Modelling cardiac mechanics in doxorubicin-induced cardiotoxicity following childhood acute lymphoblastic leukemia using a combination of cardiac magnetic resonance imaging, cardiopulmonary exercise testing and the CircAdapt model.

Children with acute lymphoblastic leukemia (ALL) are treated with doxorubicin-based chemotherapy that can lead to cardiotoxicity which is a well-known cause of mortality. This study aims to characterize myocardial subtle changes induced by doxorubicin-related cardiotoxicity. We used the combination of cardiac magnetic resonance (CMR) imaging, cardiopulmonary exercise testing and the CircAdapt model to explore hemodynamics and intraventricular mechanisms at rest and during exercise in 53 childhood ALL survivors. A sensitivity analysis of the CircAdapt model identified the most influencing parameters on the left ventricle volume.
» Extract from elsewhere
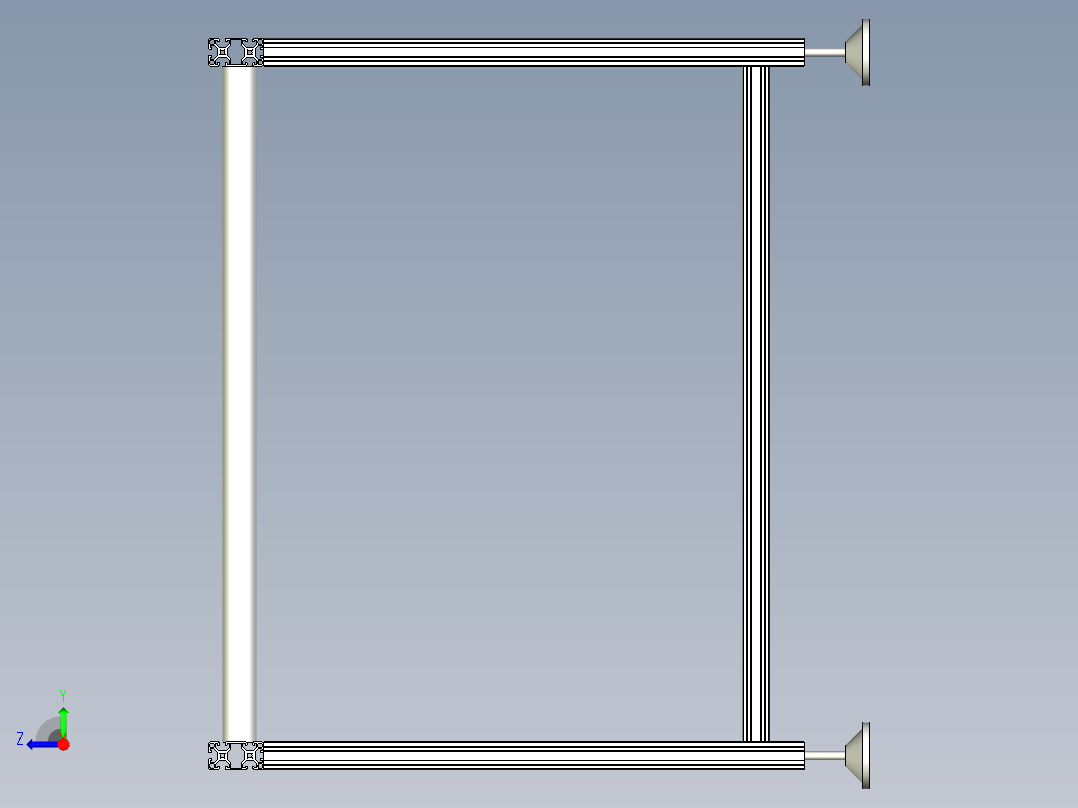 无动力滚筒线右视图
ANOVA were performed to explore significant differences between left ventricle stiffness, contractility, and arteriovenous pressure drop, as well as survivors' prognostic risk groups. No significant differences were observed between prognostic risk groups. The left ventricle stiffness and left ventricle contractility were non-significantly higher in survivors receiving cardioprotective agents (94.3 %), compared to those at standard and high prognostic risk (77 % and 86 %, respectively). In both left ventricle stiffness and left ventricle contractility, we observed that survivors receiving cardioprotective agents were close to the nominal value of CircAdapt (healthy reference group value is 100 %). This study allowed to improve our knowledge of potential subtle myocardial changes induced by doxorubicin-related cardiotoxicity in childhood ALL survivors. This study confirms that survivors exposed to a high cumulative dose of doxorubicin during treatments are at potential risk of myocardial changes many years after the end of their cancer, while cardio-protective agents may prevent changes in cardiac mechanical properties.